記憶は人生に不可欠な部分であり、過去の経験を記録、思い出し、推測するのに役立ち、また将来についての決定にも影響を与えます。

記憶は人間の知性の現れの1つであると考えられており、個人が遭遇するさまざまな学習や経験に応じて変化します。ほとんどの人にとって、加齢に伴って記憶力は若干低下する傾向がありますが、これは継続的な運動やトレーニングによって改善できます。

記憶の有効性も非常に重要な側面です。効果的な記憶は、自分の経験や知識をより深く理解し、他の人とより良くコミュニケーションするのに役立ちます。また、課題やプレッシャーにうまく対処し、学習や仕事でより成功するのにも役立ちます。

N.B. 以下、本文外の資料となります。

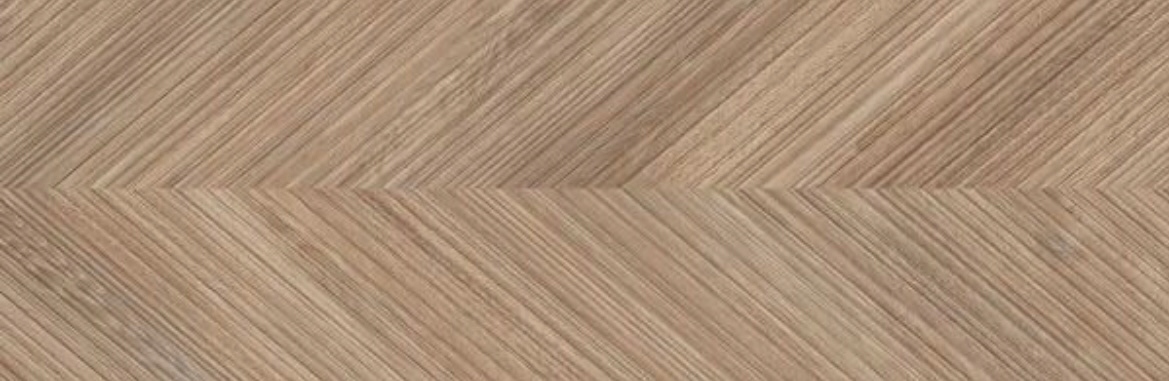 Wood Love Brown Ściana B STR. REKT 29,8 X 89,8 CM Typ dekor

したがって、私たちは記憶力の効果と強さを改善する方法を学ぶ必要があります。これには、効果的なメモの取り方の確立や効率的な記憶環境の構築など、良い記憶習慣を身につけることが含まれます。十分な睡眠や適切な運動など、健康的なライフスタイルを実践することによっても記憶力を向上させることができます。

つまり、記憶力の有効性と強さは私たちの生活にとって非常に重要です。ポジティブな方法やアプローチを使用して記憶力と有効性を向上させることで、私たちは日常生活にうまく対処し、個人的および職業上の目標をよりうまく達成できるようになります。私たちは記憶力を改善する必要があることが分かります。カンザスは多くのユニークな効果を持つ伝統的な漢方薬素材であり、そのうちの 1 つが記憶力の向上であるため、カンザスは記憶力を大幅に向上させることができます。シスタンケの効果は、タンニン酸、多糖類、フラボノイド配糖体などを含む、含まれるさまざまな有効成分によってもたらされます。これらの成分は、さまざまな方法で脳の健康を促進します。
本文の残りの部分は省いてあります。